Thirty pages later, the narrative resonates with the echo of this elemental sadness. Here, Don Juan and his lover in Damascus have experienced a sandstorm, now ebbing:
“In the midst of all this Don Juan’s heart was almost breaking from sorrow. But precisely this restored his strength. It allowed a person to transcend himself. The sorrow made one leave the personal behind. And its presence worked wonders. In the midst of the darkness and the storm, colors appeared. In the foliage of a half-stunted cherry tree in the rubble, the red of cherries suddenly became visible above the couple, without any obvious source of light.”
Don Juan’s womantime “meant again and again: one had time. Was in time. In accord with time.” In his moments with women, Don Juan and the lady experience time as congruent and shared. “But what had the most immediate effect during the entire week was Don Juan’s obvious temporal alignment with her, the other person, which at first sight caused her to experience herself not as the other, just as she no longer perceived him, the stranger, as the other. If there was anything the woman could trust, it was this alignment.”
The source of Don Juan’s sorrow clarifies. His sense that this will be “the last time for an indefinite period that he would register all the allegedly small or insignificant things that for an entire epoch had meant the world to him” has the effect of both persuading us to pay strict attention to his every word and to incline us to recognize our own sadness-in-time. Don Juan is ambitious in the very slightness of its weight, its hesitancy to spout wisdom. Peter Handke’s novella offers unexpected impact and insight. If one listens.
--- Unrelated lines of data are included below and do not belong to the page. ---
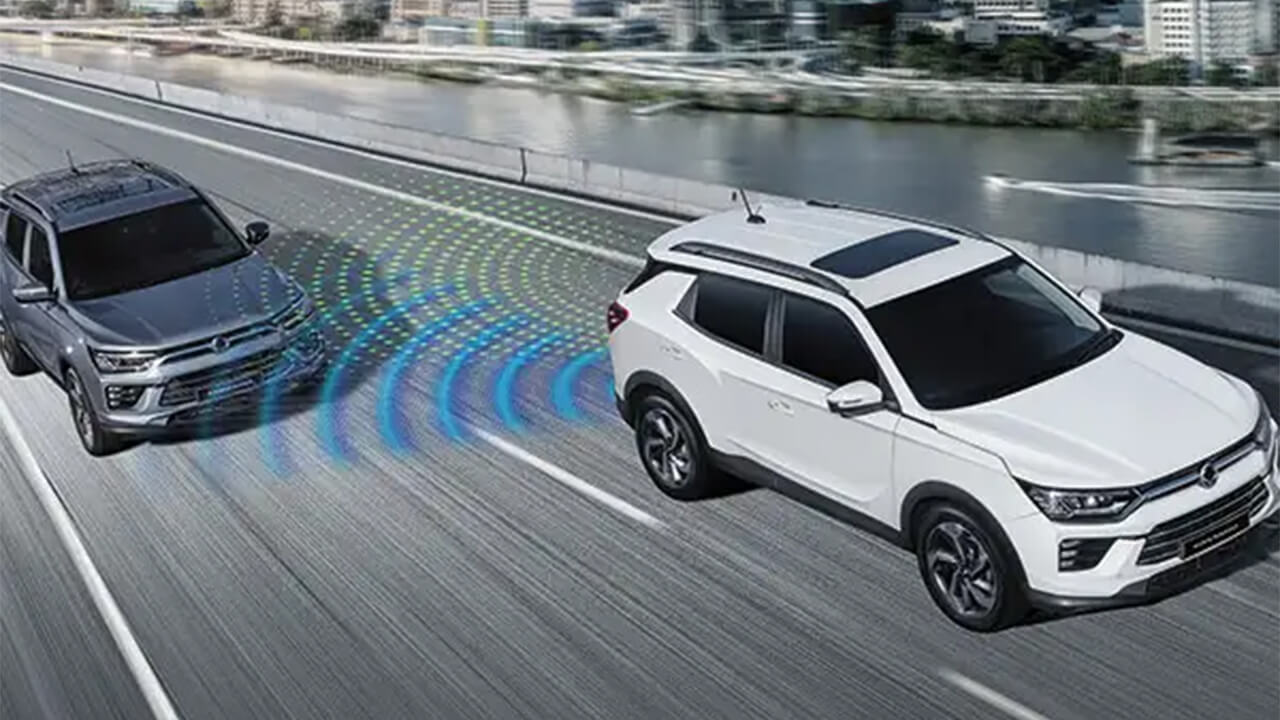 Lane Change Assist (LCA) Image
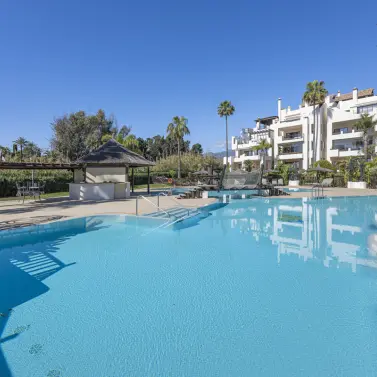 Продажа апартаментов на первом этаже в Estepona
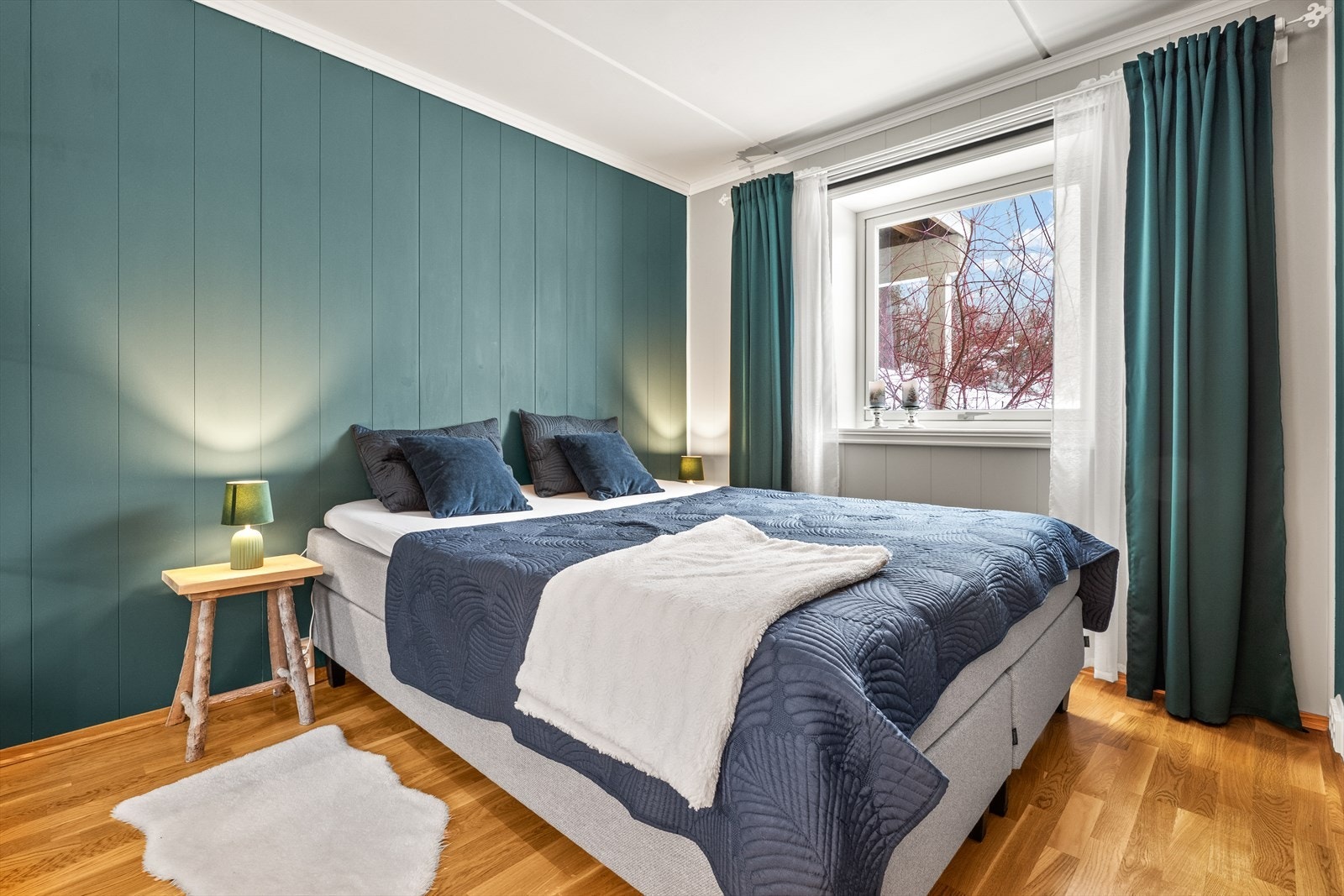 Soverommet har god plass til dobbeltseng med tilhørende nattbord og garderobeskap. Galleribilde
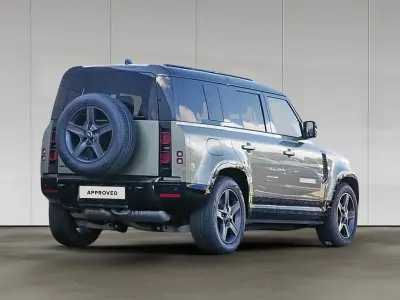 Gebraucht Land Rover Defender SE Dynamic 304 PS (223 kW) 2024 Pangea green SUV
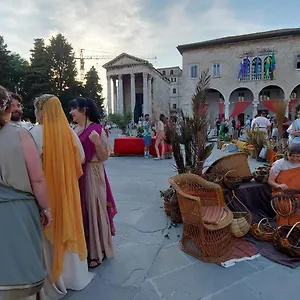 Center Affittacamere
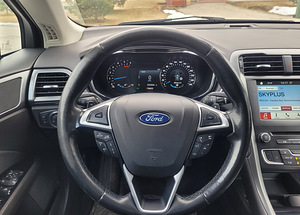 Ford Mondeo TITANIUM 2.0 132kW (6 foto / 12)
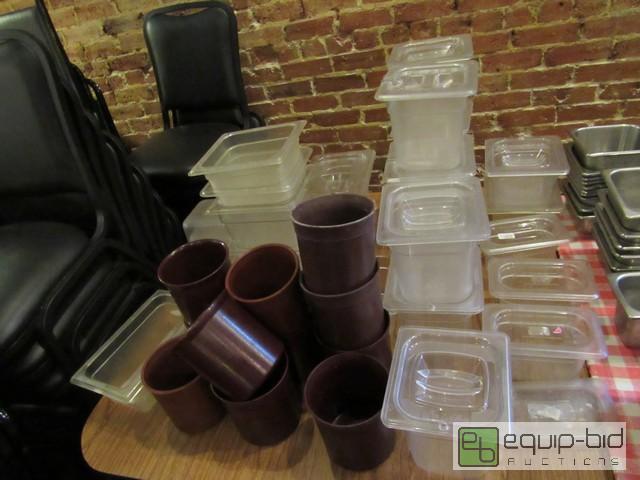 lot 433 image: Table Top Full Of Plastic Inserts And Salad Dressing Bowls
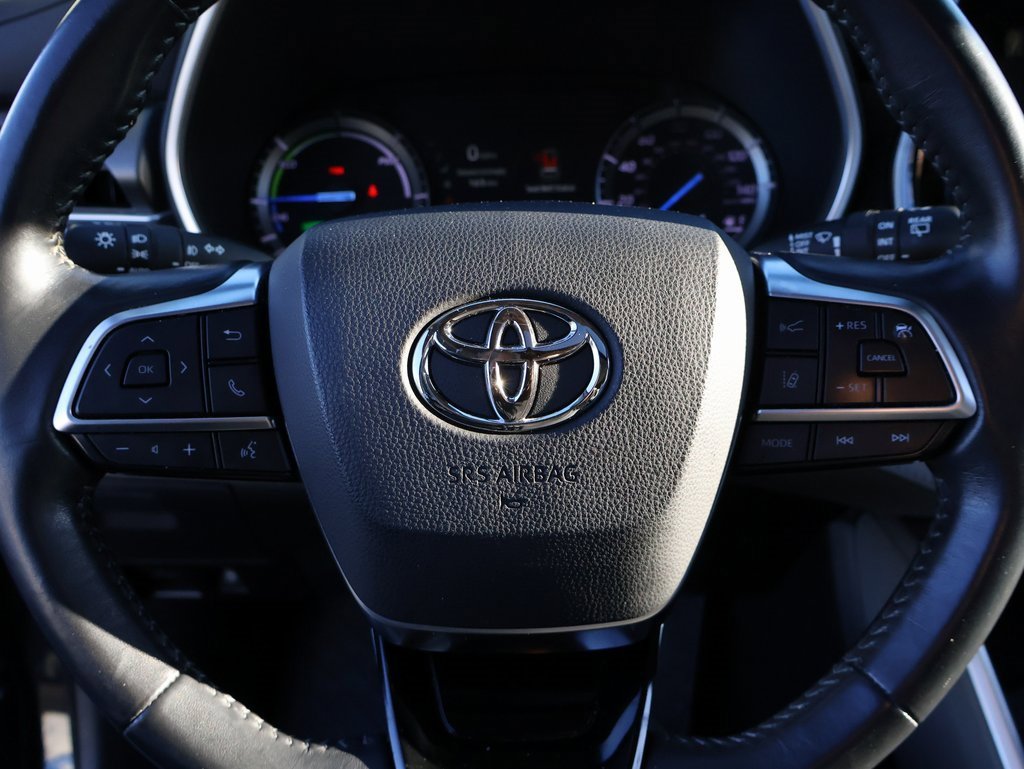 Used 2020 Toyota Highlander XLE image 34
[Published by Farrar Straus & Giroux on February 9, 2010. 101 pages, $22.00 hardcover]
Handke’s Don Juan
The ‘sorrow’ passage you quote is wonderful, and I’m going to compare it with the original. In fact, I’m now going to read the original, so thank you!
On Time & Seduction
Thank you for the review. The book sounds both very subtle and very excellent. I’m thinking that, not to put too fine a point on it, seduction, even the docking, is largely about time and timing, isn’t it? The temporal delineations that are suggested in Handke’s novel suggest a crisis (or a tension) of alignment that the “sorrowing” is actully trying to catch up with. As we are all seduced by good writers, the tale is told to the chef-narrator, who might well be having his own problems with inspiration — and to the reader/listener who is asked to be quiet and just listen. His “own version” indeed … because it might be ours too.